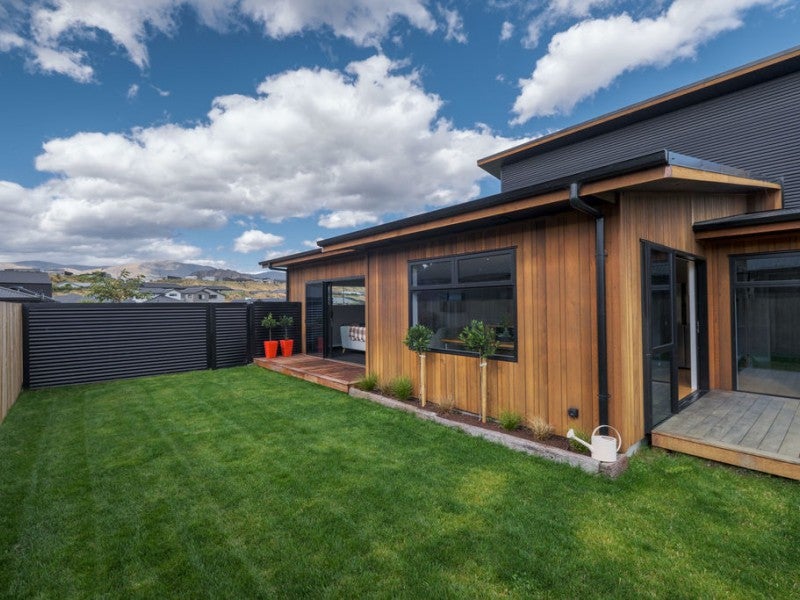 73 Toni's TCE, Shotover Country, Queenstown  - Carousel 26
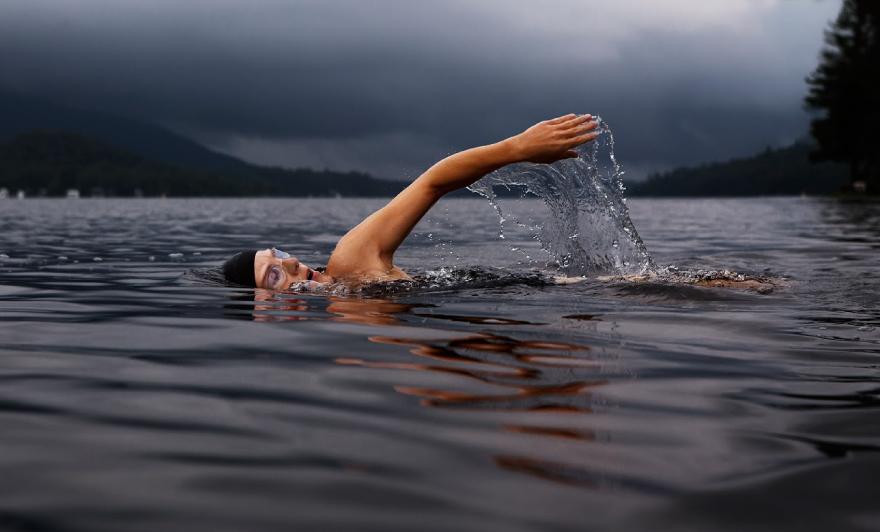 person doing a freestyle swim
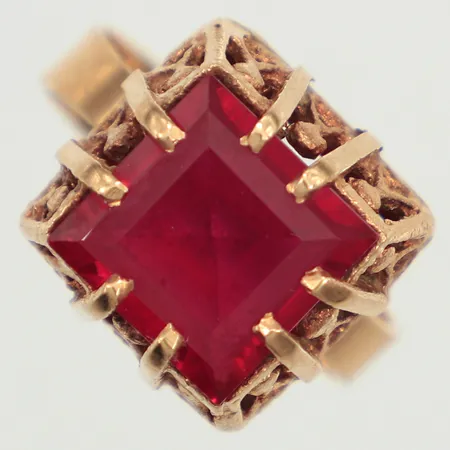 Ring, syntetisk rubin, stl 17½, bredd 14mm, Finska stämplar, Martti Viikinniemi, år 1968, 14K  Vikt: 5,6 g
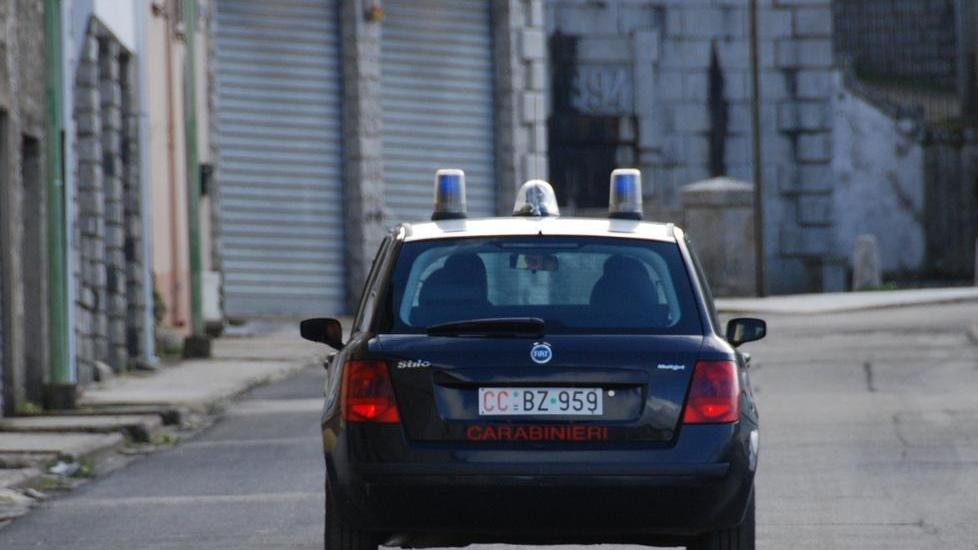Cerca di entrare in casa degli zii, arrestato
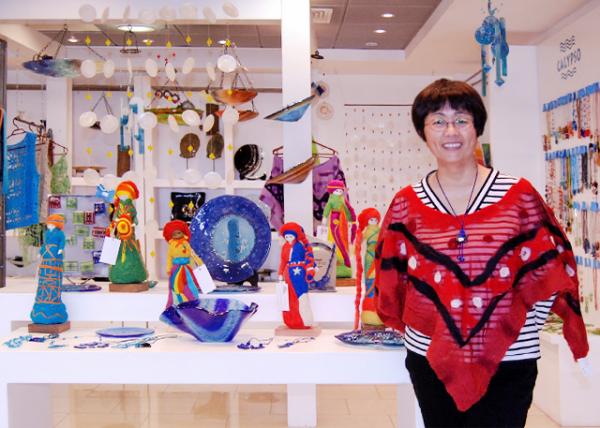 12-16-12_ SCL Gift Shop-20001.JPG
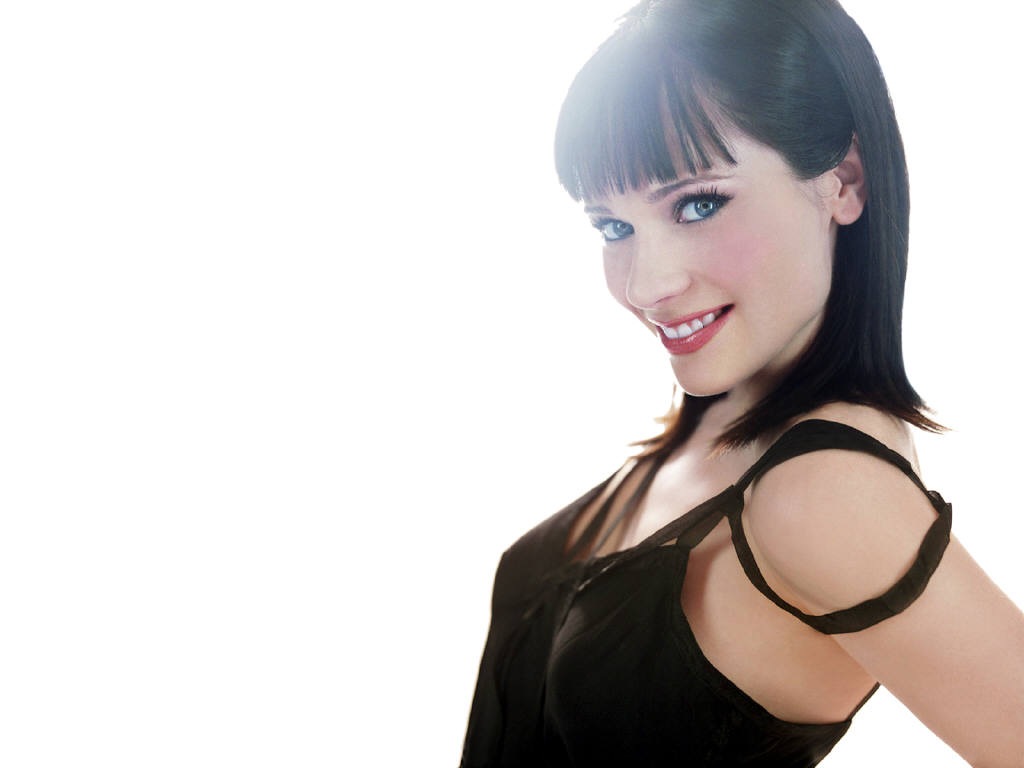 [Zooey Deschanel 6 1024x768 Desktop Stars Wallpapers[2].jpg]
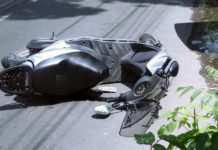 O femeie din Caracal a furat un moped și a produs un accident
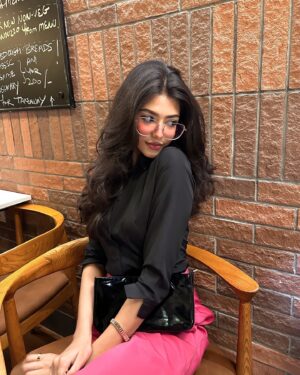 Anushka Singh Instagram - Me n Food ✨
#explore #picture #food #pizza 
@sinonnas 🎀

------------------------------

Please print exactly the lines running from the line with "O femeie din" through the final line of the material, and nothing more. Keep pictures out.

Output for this exercise:
 O femeie din Caracal a furat un moped și a produs un accident
 Anushka Singh Instagram - Me n Food ✨
#explore #picture #food #pizza 
@sinonnas 🎀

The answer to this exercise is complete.